▶ [Instructions for the task] Write the listing below out again word for word, without a single picture.

▶ [The data]
☆ ☆ ☆
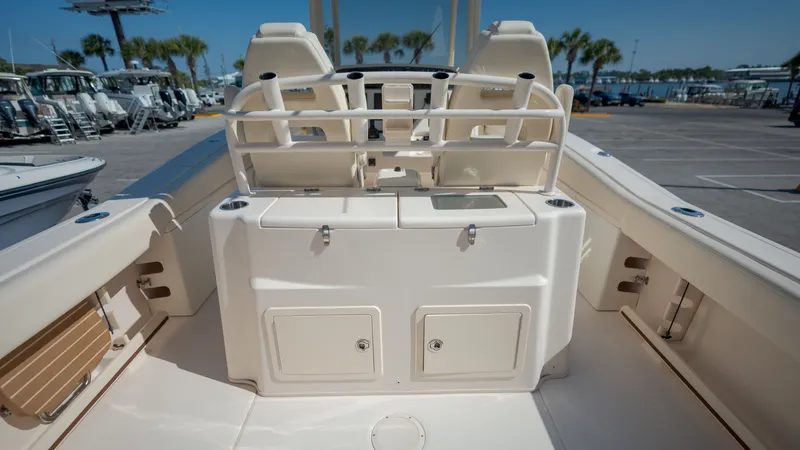 Slide: The Image of 2019 Grady-White Canyon 306 boat rear view at marina. - 32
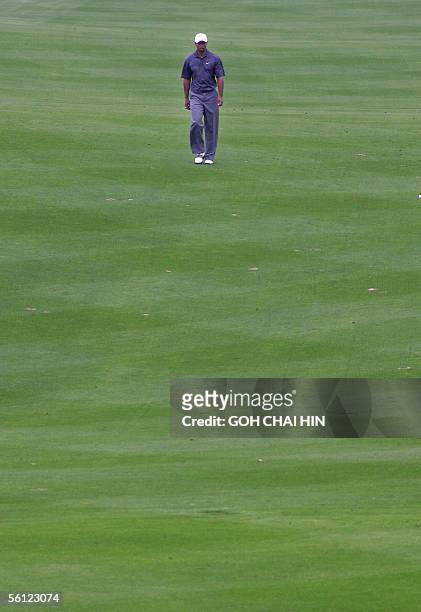World number one Tiger Woods walks down the fairway all by himself during a practice round at the five-million-dollar HSBC Champions tournament in...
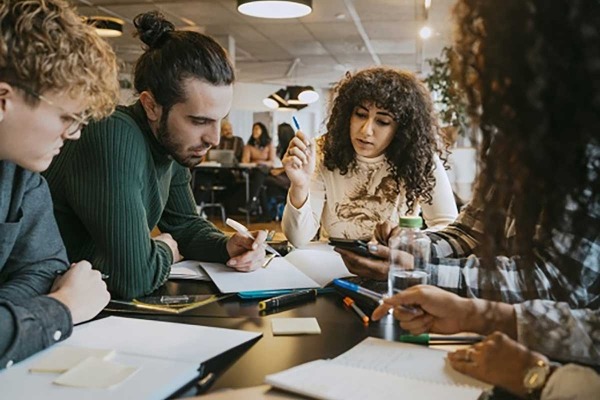 Students studying together at table in cafeteria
☆ ☆ ☆
▶ [Finished task]
 Slide: The Image of 2019 Grady-White Canyon 306 boat rear view at marina. - 32
World number one Tiger Woods walks down the fairway all by himself during a practice round at the five-million-dollar HSBC Champions tournament in...
 Students studying together at table in cafeteria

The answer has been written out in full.